# Encodings

> **Level:** Intermediate  
> **Spec:** [Encodings](https://parquet.apache.org/docs/file-format/data-pages/encodings/)  
> **PyArrow docs:** [ParquetWriter](https://arrow.apache.org/docs/python/generated/pyarrow.parquet.ParquetWriter.html)

**What you will learn:**

1. How `PLAIN` encoding stores values back-to-back with no compression
2. How `RLE_DICTIONARY` slashes size for low-cardinality columns
3. How `DELTA_BINARY_PACKED` exploits monotone integer sequences
4. How `BYTE_STREAM_SPLIT` improves floating-point compressibility
5. How to read back the encodings actually used by PyArrow from column-chunk metadata

In [1]:
import io

import pyarrow as pa
import pyarrow.parquet as pq

---

## 1. PLAIN encoding: simple back-to-back storage

> **Spec:** [Encodings: PLAIN](https://parquet.apache.org/docs/file-format/data-pages/encodings/)

PLAIN is the baseline encoding. Values are stored consecutively with no further transformation:
- `INT32`: 4 bytes little-endian per value
- `BYTE_ARRAY`: `[4-byte length][bytes]` per value

PLAIN must be supported for all types.
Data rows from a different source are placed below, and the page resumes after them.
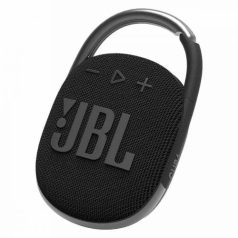 JBL CLIP 4 Bluetooth Wireless Speaker Black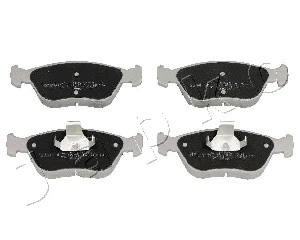 Brake Pad Set, disc brake (500327)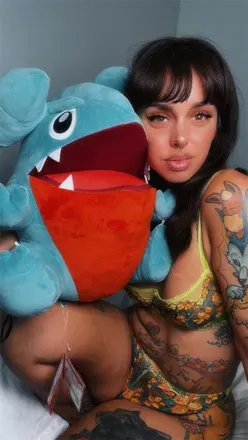 OnlyFans cuenta araxie_langley avatar 1
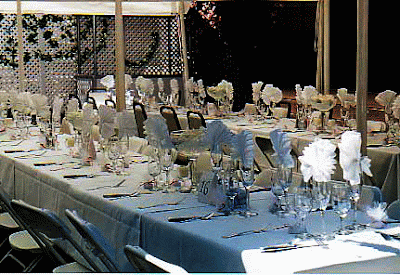 9 Nice Wedding Table Reception Decoration Ideas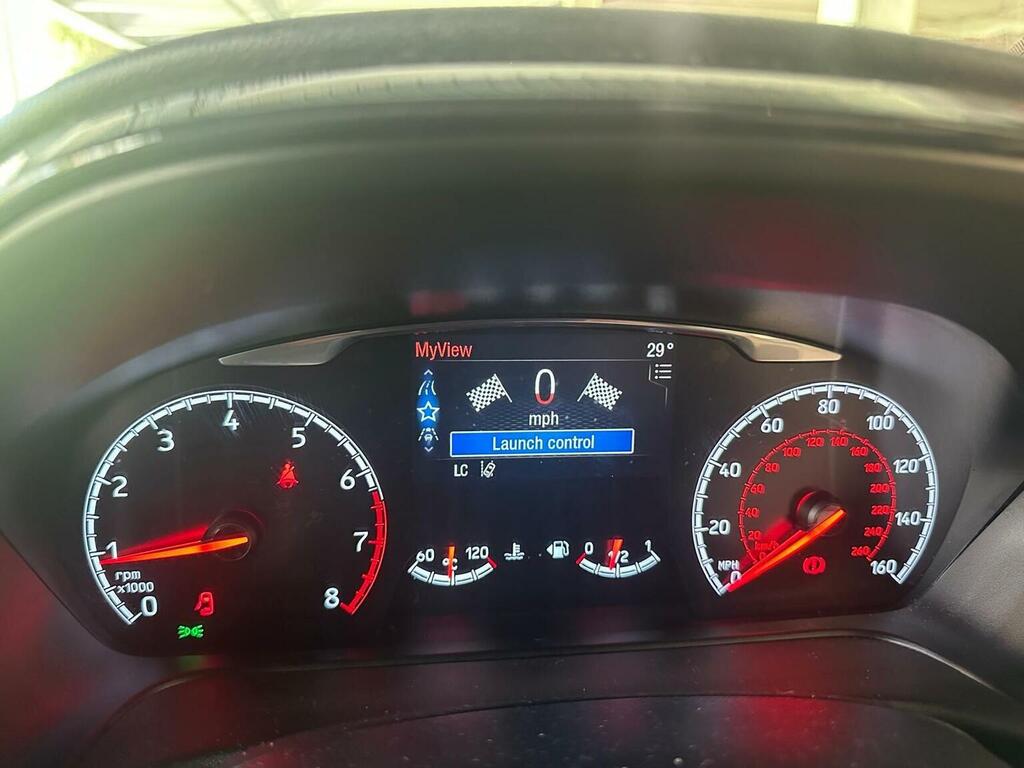 Ford Fiesta 1.5T Ecoboost St-2 Hatchback  #6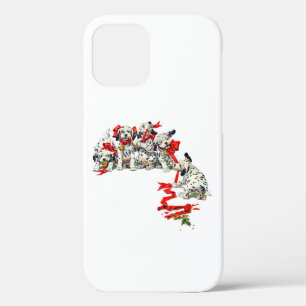 Case-Mate iPhone Case Coque-coque iphone des Pups Dalmatiens de vacances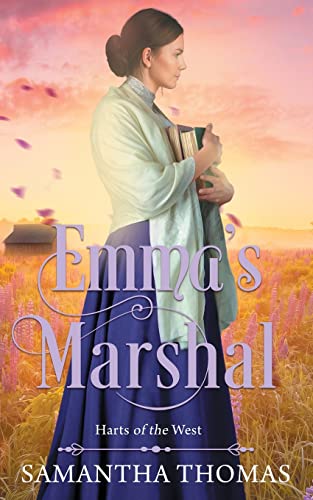 Emma's Marshal (Harts of the West)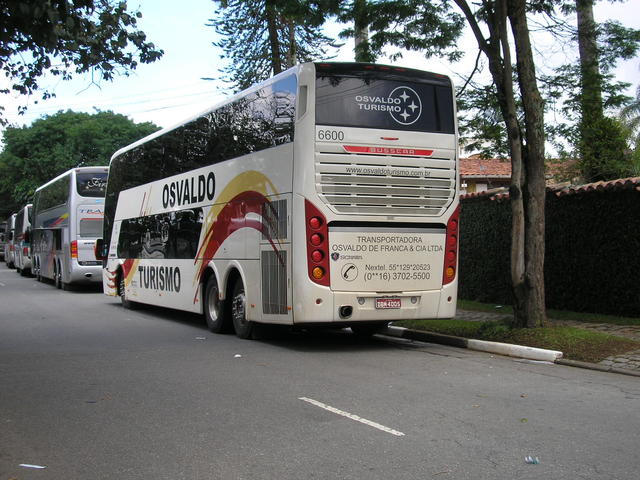 Scania Busscar Turstico DD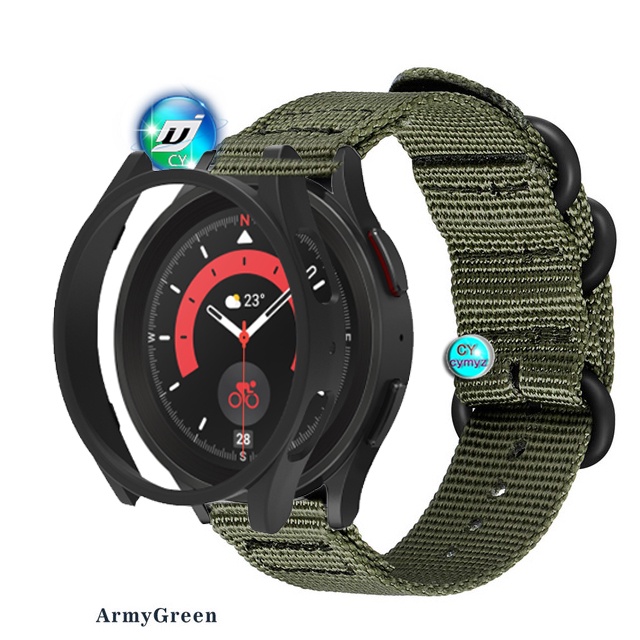 Galaxy watch clearance nylon strap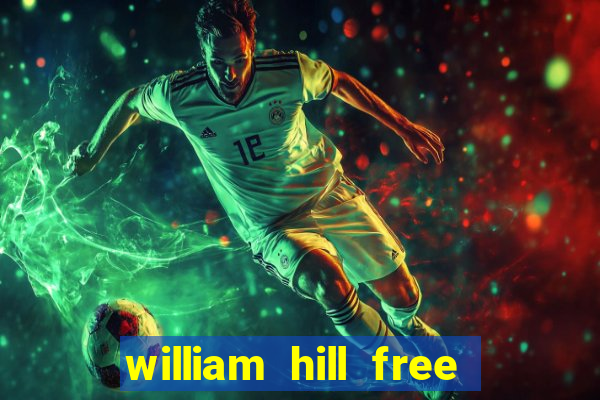 william hill free bingo codes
High-cardinality or random columns fall back to PLAIN.

In [None]:
import random
import string

rng = random.Random(42)
N = 50_000

# High-cardinality string column, essentially random, dictionary will be large -> falls back to PLAIN
random_strings = ["".join(rng.choices(string.ascii_letters, k=8)) for _ in range(N)]
table_plain = pa.table({"uuid_like": pa.array(random_strings, type=pa.string())})

buf_plain = io.BytesIO()
pq.write_table(table_plain, buf_plain)
buf_plain.seek(0)

meta = pq.ParquetFile(buf_plain).metadata
col = meta.row_group(0).column(0)
print(f"Column: {col.path_in_schema}")
print(f"Encodings: {col.encodings}")
print(f"Compressed:   {col.total_compressed_size:,} bytes")
print(f"Uncompressed: {col.total_uncompressed_size:,} bytes")

Column: uuid_like
Encodings: ('PLAIN', 'RLE', 'RLE_DICTIONARY')
Compressed:   598,337 bytes
Uncompressed: 697,794 bytes


---

## 2. RLE_DICTIONARY encoding: low-cardinality columns

> **Spec:** [Encodings: Dictionary Encoding](https://parquet.apache.org/docs/file-format/data-pages/encodings/)

Dictionary encoding builds a per-column-chunk lookup table of distinct values.
Data pages store integer indices into that table, encoded with RLE / bit-packing.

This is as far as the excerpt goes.